I gave him my copy of the book and went back to get another one, with, if possible, an even more sleazy cover. I wrote all over it, trying to figure out how Conroy had done it, and then I wrote to him, because I figured that he should know how much he had moved my Republic of Congo friend and I.
I couldn't figure out where to send the thank you note, so I addressed it to Pat Conroy, Beaufort, South Carolina. I figured the postman would know who he was.
I was right. About two months later, the phone rang. It was a message from Mr. Conroy, calling to thank me for the letter--the wonderful letter that had moved him so deeply he had to call and say thank you back to me.
And I wasn't home. All I had was a recording. I wanted to talk to him, to ask him how he'd been so brave, how he'd risked writing the truth of his childhood. I wanted to know where he'd gotten the guts. From Tom Wingo's father? His mother? From eating that damned bald eagle?
So, I wrote him again (Pat Conroy, Beaufort, South Carolina.) And he called again. This time, he left a number. I returned his call and we talked for a couple of hours, about life and writing and how dangerous it was to tell the truth; and how sometimes, you simply must. He promised to read my novel when I finished it. I never could finish it. Maybe I didn't have his courage. I set it aside and started work on something else, something where my family's secrets could be explored under cover. What I wrote was less that first novelist's spewing pain onto the page. It was probably more mature. That was The One And Holy Skillet, which I never had the courage to send him--it just wasn't as bold a book. Even without him, it did almost sell (see my blog post about Leona Nevler.) Someday, I know it will be published and I'm sure it will do well.

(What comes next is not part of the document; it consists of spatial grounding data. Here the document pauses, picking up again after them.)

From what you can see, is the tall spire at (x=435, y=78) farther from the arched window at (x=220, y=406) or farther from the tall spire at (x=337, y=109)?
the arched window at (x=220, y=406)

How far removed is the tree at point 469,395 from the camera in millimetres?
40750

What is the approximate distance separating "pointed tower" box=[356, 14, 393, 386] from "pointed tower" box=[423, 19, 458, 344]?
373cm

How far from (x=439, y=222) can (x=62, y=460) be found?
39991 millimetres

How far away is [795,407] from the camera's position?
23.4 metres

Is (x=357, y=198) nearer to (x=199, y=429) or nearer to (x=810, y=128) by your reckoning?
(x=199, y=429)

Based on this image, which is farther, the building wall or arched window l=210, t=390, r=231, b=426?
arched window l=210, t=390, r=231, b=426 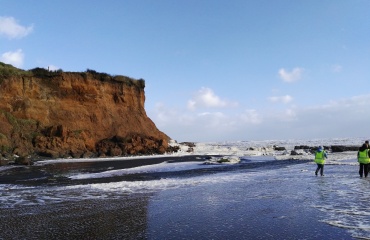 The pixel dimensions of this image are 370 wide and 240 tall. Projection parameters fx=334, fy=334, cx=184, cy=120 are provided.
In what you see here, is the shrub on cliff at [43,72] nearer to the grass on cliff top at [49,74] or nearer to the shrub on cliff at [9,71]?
the grass on cliff top at [49,74]

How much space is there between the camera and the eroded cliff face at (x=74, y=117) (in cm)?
4206

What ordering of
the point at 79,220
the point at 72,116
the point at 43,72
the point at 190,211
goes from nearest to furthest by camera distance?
the point at 79,220 → the point at 190,211 → the point at 72,116 → the point at 43,72

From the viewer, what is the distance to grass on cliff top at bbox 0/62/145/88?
152 feet

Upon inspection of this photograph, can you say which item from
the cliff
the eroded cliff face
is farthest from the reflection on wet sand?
the eroded cliff face

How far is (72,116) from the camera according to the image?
165ft

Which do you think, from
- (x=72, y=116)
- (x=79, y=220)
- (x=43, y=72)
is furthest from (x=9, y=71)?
(x=79, y=220)

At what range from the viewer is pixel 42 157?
39.5m

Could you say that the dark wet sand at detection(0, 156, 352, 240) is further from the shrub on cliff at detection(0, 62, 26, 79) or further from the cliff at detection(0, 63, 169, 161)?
the shrub on cliff at detection(0, 62, 26, 79)

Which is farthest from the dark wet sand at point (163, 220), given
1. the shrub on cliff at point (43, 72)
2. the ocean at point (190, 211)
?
the shrub on cliff at point (43, 72)

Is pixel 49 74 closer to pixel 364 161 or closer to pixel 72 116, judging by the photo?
pixel 72 116

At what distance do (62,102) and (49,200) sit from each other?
137 feet

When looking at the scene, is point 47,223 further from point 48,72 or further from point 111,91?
point 111,91

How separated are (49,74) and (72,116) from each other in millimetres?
7415

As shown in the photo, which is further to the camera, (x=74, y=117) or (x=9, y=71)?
(x=74, y=117) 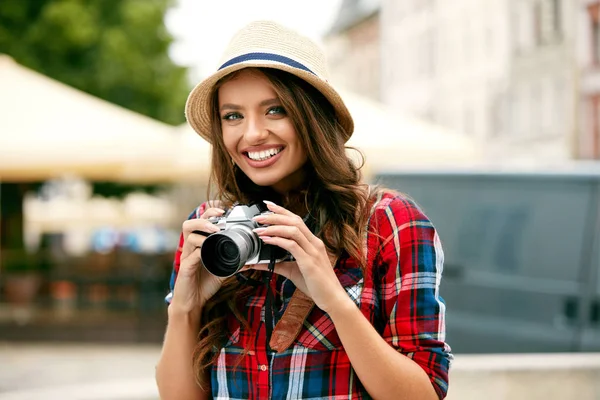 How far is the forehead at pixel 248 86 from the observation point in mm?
1995

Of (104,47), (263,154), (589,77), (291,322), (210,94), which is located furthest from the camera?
(589,77)

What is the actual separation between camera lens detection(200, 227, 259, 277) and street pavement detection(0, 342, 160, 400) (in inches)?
186

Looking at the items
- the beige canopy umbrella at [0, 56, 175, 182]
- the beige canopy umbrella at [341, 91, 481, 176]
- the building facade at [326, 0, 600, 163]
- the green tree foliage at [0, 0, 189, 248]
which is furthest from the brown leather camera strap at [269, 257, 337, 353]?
the building facade at [326, 0, 600, 163]

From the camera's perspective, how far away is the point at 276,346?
75.9 inches

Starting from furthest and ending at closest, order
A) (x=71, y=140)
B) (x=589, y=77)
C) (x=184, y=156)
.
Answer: (x=589, y=77) → (x=184, y=156) → (x=71, y=140)

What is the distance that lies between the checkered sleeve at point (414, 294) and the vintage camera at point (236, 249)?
0.22m

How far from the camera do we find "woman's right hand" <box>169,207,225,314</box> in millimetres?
1968

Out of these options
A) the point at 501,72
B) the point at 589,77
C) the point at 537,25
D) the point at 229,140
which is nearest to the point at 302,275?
the point at 229,140

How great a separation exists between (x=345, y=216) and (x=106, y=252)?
31.5ft

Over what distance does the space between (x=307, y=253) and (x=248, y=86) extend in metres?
0.42

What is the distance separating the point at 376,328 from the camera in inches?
77.4

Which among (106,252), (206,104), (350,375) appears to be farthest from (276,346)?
(106,252)

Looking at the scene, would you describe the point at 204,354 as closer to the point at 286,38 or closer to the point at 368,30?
the point at 286,38

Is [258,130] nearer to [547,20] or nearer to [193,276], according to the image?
[193,276]
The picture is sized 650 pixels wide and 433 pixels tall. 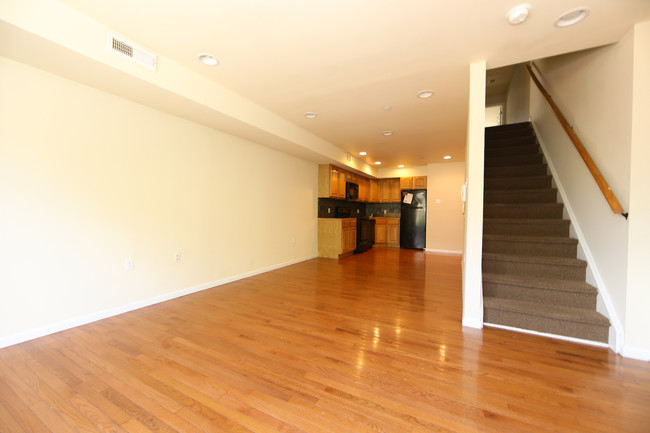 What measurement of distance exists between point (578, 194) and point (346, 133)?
321cm

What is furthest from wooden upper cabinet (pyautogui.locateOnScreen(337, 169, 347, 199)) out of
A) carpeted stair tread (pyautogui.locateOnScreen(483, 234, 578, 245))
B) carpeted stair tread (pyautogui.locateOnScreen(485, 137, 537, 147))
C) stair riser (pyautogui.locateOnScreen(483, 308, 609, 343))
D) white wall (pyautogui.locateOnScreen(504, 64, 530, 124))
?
stair riser (pyautogui.locateOnScreen(483, 308, 609, 343))

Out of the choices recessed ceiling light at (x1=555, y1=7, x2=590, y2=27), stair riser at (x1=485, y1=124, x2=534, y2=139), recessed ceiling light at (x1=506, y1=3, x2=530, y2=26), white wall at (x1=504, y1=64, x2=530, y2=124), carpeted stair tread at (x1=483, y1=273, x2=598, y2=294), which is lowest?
carpeted stair tread at (x1=483, y1=273, x2=598, y2=294)

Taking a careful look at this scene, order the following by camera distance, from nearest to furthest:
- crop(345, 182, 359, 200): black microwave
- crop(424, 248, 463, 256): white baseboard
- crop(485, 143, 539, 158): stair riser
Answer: crop(485, 143, 539, 158): stair riser
crop(345, 182, 359, 200): black microwave
crop(424, 248, 463, 256): white baseboard

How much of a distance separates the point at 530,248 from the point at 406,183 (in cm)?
501

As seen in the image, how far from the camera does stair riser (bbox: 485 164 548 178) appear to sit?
3.73m

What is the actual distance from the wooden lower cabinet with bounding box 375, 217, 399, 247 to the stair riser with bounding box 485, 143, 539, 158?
3.75 m

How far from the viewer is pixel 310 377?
5.60 feet

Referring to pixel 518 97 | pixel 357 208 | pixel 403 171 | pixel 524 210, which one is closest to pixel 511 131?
pixel 518 97

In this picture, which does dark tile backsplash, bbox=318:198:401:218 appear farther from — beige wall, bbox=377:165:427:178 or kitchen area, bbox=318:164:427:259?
beige wall, bbox=377:165:427:178

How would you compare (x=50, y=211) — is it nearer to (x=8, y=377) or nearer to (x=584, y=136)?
(x=8, y=377)

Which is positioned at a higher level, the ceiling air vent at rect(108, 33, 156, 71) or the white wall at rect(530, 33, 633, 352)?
the ceiling air vent at rect(108, 33, 156, 71)

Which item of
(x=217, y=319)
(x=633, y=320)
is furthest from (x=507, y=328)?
(x=217, y=319)

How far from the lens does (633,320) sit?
1.95 meters

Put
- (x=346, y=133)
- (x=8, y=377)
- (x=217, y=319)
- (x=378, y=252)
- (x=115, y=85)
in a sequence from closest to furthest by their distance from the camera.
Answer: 1. (x=8, y=377)
2. (x=115, y=85)
3. (x=217, y=319)
4. (x=346, y=133)
5. (x=378, y=252) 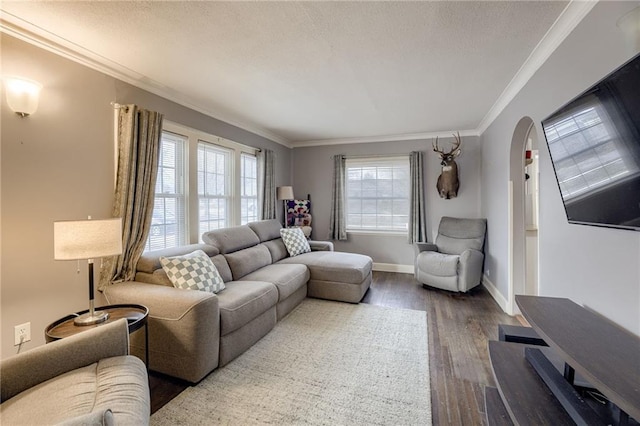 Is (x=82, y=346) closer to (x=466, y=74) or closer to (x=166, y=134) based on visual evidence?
(x=166, y=134)

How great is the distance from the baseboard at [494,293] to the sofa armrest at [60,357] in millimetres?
3662

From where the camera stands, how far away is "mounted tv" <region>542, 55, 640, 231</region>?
3.67 feet

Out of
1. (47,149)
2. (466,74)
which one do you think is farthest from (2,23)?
(466,74)

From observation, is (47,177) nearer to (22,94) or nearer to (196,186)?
(22,94)

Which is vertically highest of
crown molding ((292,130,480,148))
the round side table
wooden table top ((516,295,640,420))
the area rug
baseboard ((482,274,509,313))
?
crown molding ((292,130,480,148))

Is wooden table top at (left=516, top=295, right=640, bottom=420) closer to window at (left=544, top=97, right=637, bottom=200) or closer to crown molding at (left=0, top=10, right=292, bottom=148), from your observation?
window at (left=544, top=97, right=637, bottom=200)

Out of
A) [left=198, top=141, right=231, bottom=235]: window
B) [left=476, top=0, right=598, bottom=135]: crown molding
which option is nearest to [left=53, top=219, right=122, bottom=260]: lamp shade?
[left=198, top=141, right=231, bottom=235]: window

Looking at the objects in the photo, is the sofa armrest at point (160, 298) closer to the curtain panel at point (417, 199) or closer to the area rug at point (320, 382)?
the area rug at point (320, 382)

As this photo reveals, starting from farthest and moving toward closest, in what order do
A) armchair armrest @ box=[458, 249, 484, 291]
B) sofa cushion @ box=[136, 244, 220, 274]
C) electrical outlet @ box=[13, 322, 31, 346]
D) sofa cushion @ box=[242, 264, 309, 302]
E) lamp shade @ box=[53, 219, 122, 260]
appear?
armchair armrest @ box=[458, 249, 484, 291], sofa cushion @ box=[242, 264, 309, 302], sofa cushion @ box=[136, 244, 220, 274], electrical outlet @ box=[13, 322, 31, 346], lamp shade @ box=[53, 219, 122, 260]

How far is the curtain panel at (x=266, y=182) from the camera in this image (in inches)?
→ 181

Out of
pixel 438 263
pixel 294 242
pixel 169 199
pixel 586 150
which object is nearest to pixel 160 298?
pixel 169 199

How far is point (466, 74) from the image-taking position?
8.47ft

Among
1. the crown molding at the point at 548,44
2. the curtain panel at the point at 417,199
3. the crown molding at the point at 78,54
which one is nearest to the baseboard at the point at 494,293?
the curtain panel at the point at 417,199

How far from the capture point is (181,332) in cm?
193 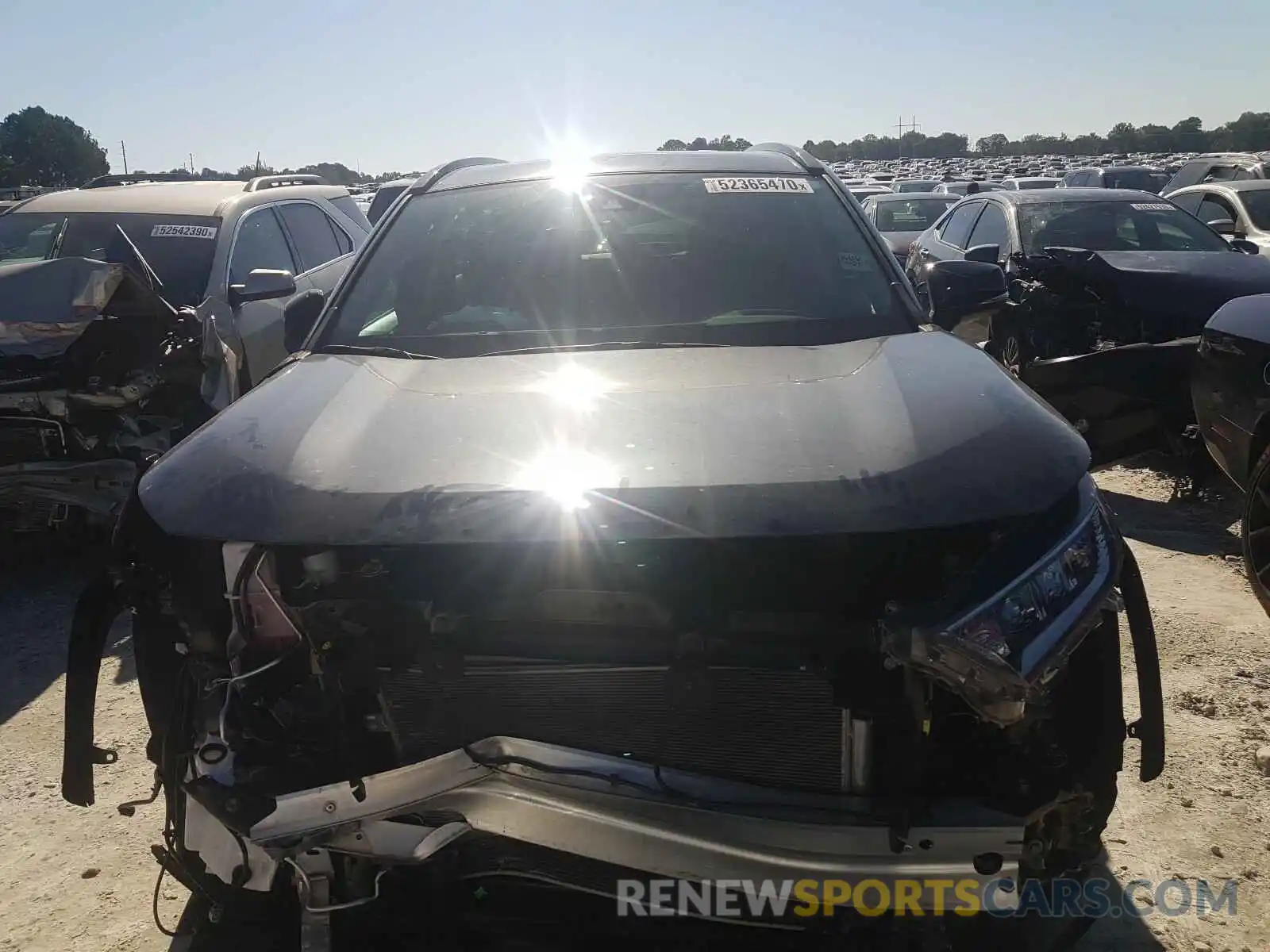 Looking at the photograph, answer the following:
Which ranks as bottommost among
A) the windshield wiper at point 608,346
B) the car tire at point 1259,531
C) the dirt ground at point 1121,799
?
the dirt ground at point 1121,799

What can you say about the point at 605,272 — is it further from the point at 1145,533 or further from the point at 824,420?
the point at 1145,533

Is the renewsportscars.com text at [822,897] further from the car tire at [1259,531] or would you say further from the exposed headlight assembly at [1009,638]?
the car tire at [1259,531]

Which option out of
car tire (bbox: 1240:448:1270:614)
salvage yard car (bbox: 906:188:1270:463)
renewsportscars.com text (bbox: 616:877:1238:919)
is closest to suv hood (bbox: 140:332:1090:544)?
renewsportscars.com text (bbox: 616:877:1238:919)

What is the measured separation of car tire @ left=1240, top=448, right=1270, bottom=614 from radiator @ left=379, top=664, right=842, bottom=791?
3152 mm

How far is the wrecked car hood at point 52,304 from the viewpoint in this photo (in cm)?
528

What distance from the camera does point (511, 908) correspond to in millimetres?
2096

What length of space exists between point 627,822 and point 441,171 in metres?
2.97

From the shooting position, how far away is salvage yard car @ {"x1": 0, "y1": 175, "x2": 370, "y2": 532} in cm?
525

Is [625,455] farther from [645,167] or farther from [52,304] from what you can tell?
[52,304]

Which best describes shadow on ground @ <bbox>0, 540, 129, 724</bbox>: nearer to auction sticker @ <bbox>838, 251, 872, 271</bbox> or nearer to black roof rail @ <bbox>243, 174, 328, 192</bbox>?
black roof rail @ <bbox>243, 174, 328, 192</bbox>

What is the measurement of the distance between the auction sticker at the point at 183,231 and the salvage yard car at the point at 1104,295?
14.6 ft

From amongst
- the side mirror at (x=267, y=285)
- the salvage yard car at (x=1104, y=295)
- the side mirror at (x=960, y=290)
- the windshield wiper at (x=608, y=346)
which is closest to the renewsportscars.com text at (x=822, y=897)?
the windshield wiper at (x=608, y=346)

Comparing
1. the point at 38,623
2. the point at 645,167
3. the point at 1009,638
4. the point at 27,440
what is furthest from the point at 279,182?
the point at 1009,638

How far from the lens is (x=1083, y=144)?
82125 mm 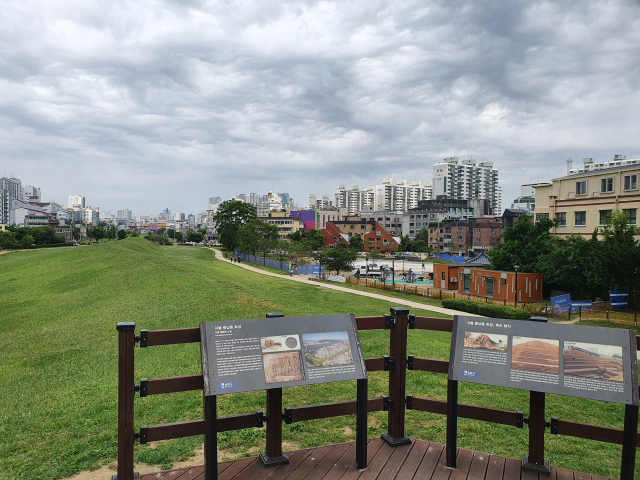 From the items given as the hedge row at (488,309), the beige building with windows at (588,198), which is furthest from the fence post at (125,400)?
the beige building with windows at (588,198)

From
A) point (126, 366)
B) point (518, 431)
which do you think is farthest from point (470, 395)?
point (126, 366)

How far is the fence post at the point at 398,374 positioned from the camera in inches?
209

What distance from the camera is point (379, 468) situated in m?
4.96

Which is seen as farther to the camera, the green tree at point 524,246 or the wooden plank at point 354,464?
the green tree at point 524,246

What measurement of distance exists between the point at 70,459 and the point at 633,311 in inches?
1308

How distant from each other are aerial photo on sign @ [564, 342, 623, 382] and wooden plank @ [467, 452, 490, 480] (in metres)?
1.48

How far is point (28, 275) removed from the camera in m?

And of course, I lived my life. I had some kids, I survived some stuff, and I worked like crazy on another novel that I think is fine, more than fine, something that I think he would have loved, though it's about not only the immediacy of family, but the immediacy of the connections within the human family. It's The Color of Safety, about a hundred years of African-American history paralleled with sixty years of the Eastern-European Jewish experience as told through the inhabitants of one house in Los Angeles. I was about to write him again, though I wasn't sure if he'd feel the same connection to this, because it was as much about the human family as about the immediacy of family.
If I'm honest with myself, having finished something was an excuse, really, to talk with him again, that honest connection, soul to soul, with someone who had written his way through the tunnel of pain and come out, (I hoped) on the other side, though I had heard through a teacher who knew him that he struggled with both drinking and depression.
I'm so glad, now, that I took the trouble to write the letter, to share that giant thank you moment with this great man. I knew Mr. Conroy had to hear how grand was his reach, how universal his story-telling.
Good night, Mr. Conroy. I was fortunate to know you, even that little bit. I hope it was painless, and quick. I hope you had enough time to say your goodbyes. Goodbye.